Kanye West and EMI could be close to settling their legal drama. Each party filed documents requesting a stay of the case to “explore the potential for a resolution,” The Blast reports.

West sued EMI in an effort to “gain freedom” from his contract, and to own his publishing. In the lawsuit, ‘Ye argued that his contract ended in 2010 under California law, which bars entertainers from being tethered to an agreement for more than seven years. The multi-Grammy winner, who signed the deal back in 2003, also accused the company of slavery because the contract doesn’t allow him to retire.

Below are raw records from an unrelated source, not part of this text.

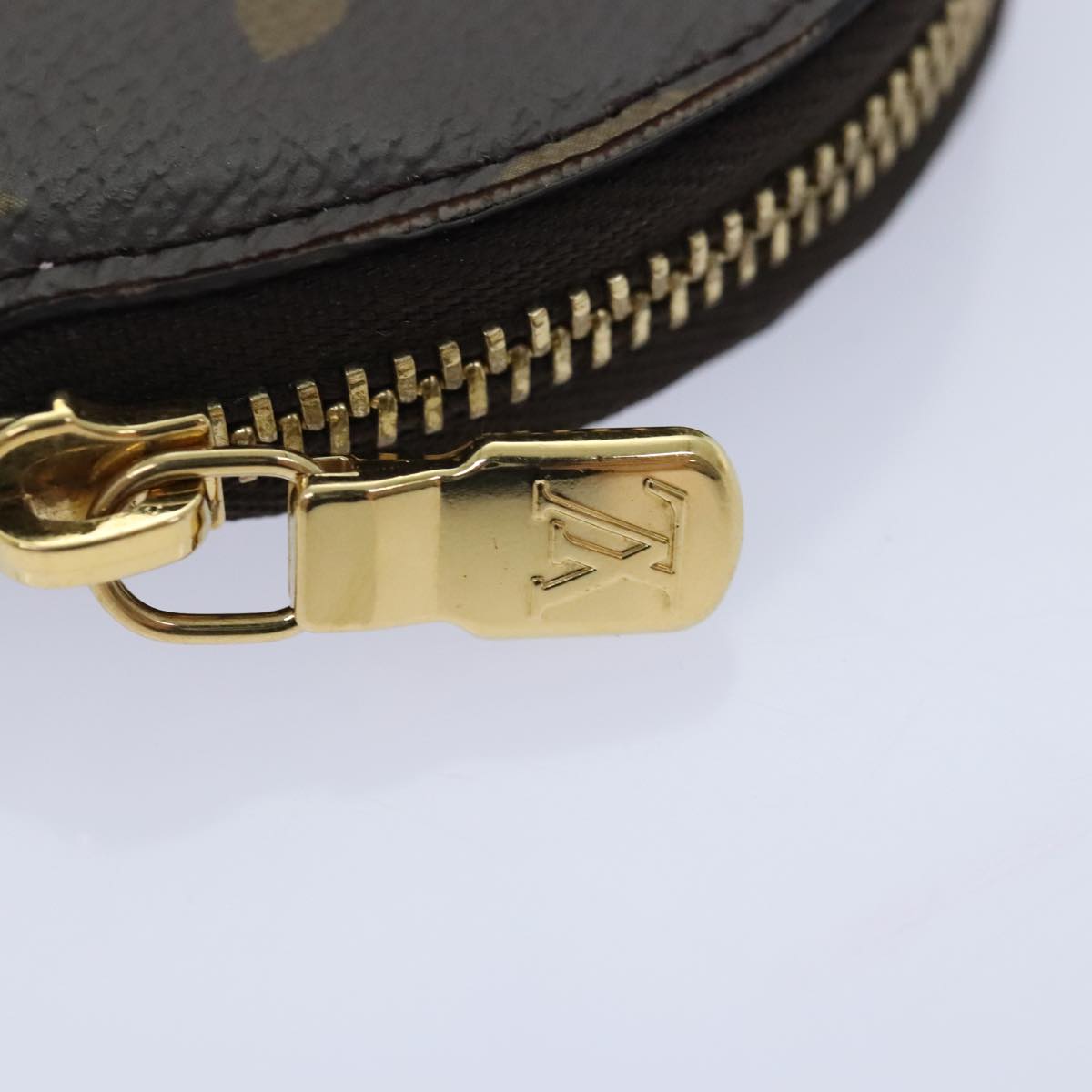 LOUIS VUITTON Monogram Vivienne Porte Monnaie Round Purse M69757 LV Auth 91910SAM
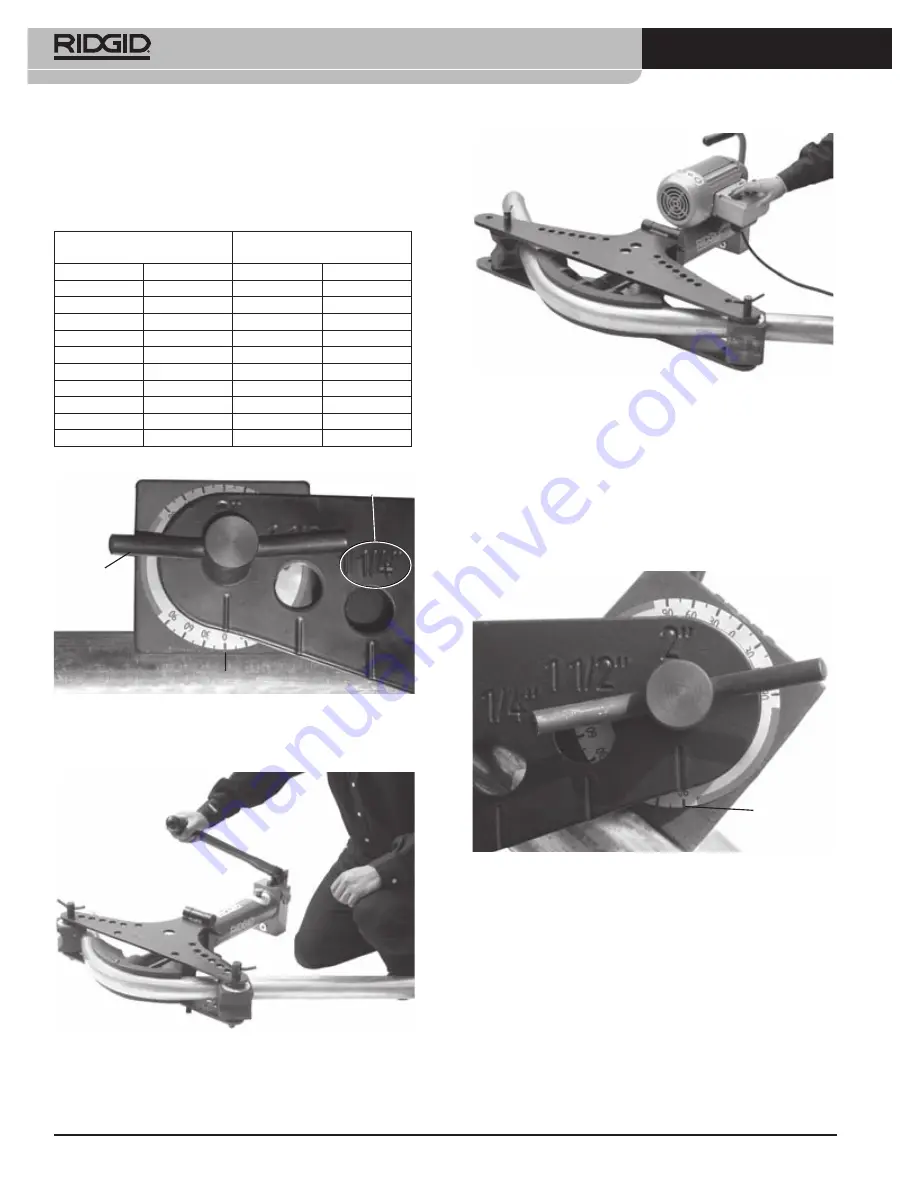 RIDGID HB382 Operator'S Manual Download Page 76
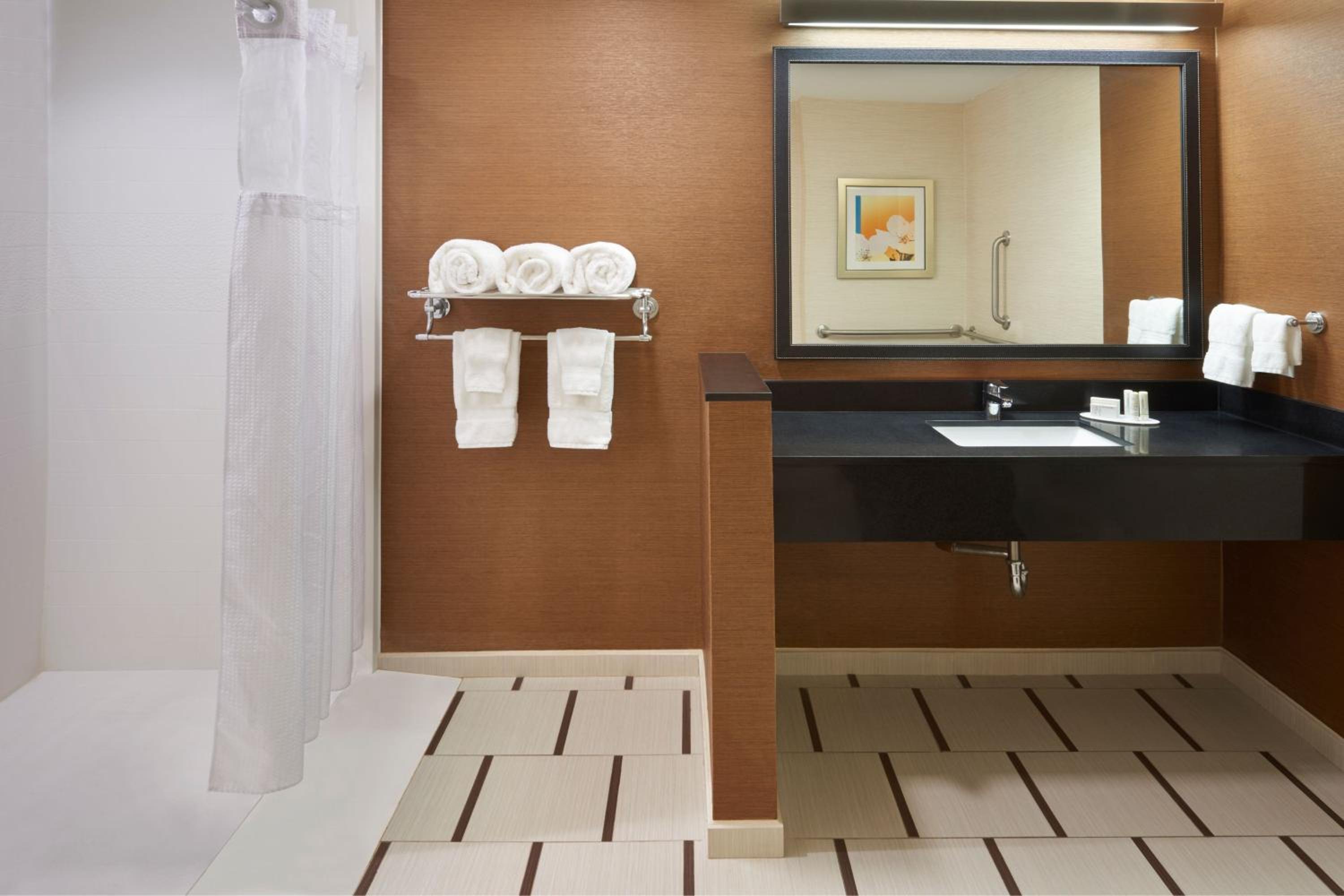King Room with Roll-In Shower - Mobility Access/Hearing Accessible photo 2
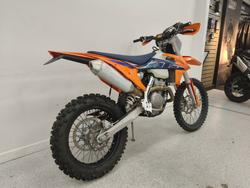 2022 Ktm 250 EXC-F Orange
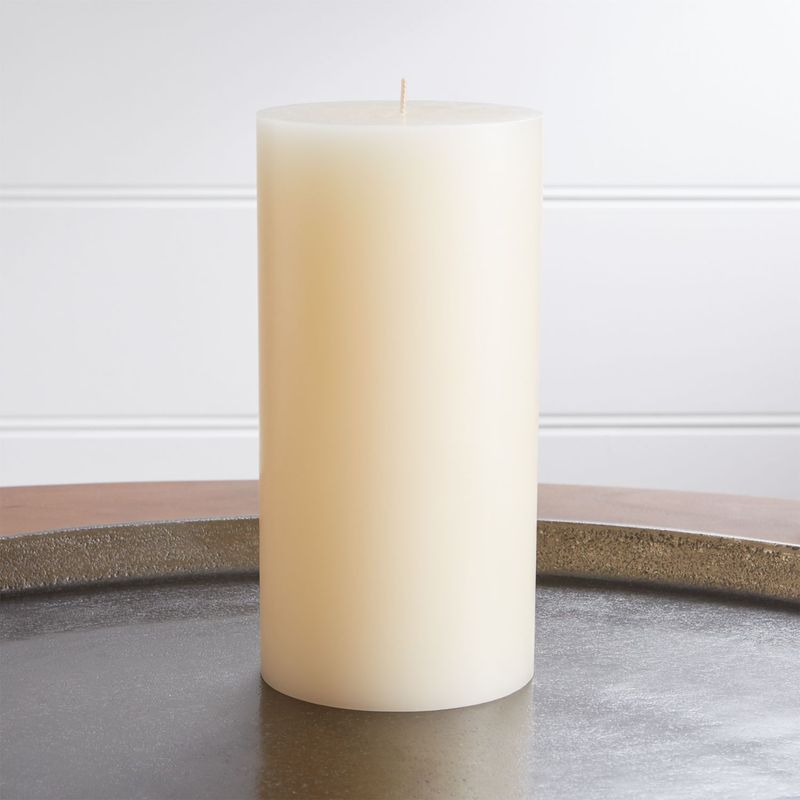 CRATE & BARREL - Vela Pillar 10x20cm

“Even if the contract were not lopsided in EMI’s favor (it is), even if its terms valued Mr. West’s artistic contributions in line with the spectacular success he has achieved for EMI (they do not), and even if EMI had not underpaid Mr. West what it owes him (EMI has), he would be entitled to be set free from its bonds,” the lawsuit reads.

EMI hit back with a countersuit filed in New York, instead of California. The suit pointed out that the 41-year-old rapper signed multiple contract extensions, in addition to accepting millions in advances.

According to The Blast, West and EMI now feel that putting a hold on the legal proceedings will be beneficial to both sides “and the Court by enabling the parties to engage in meaningful discussions in an attempt to resolve this action without having to incur the burden and expense of litigation and motion practice.”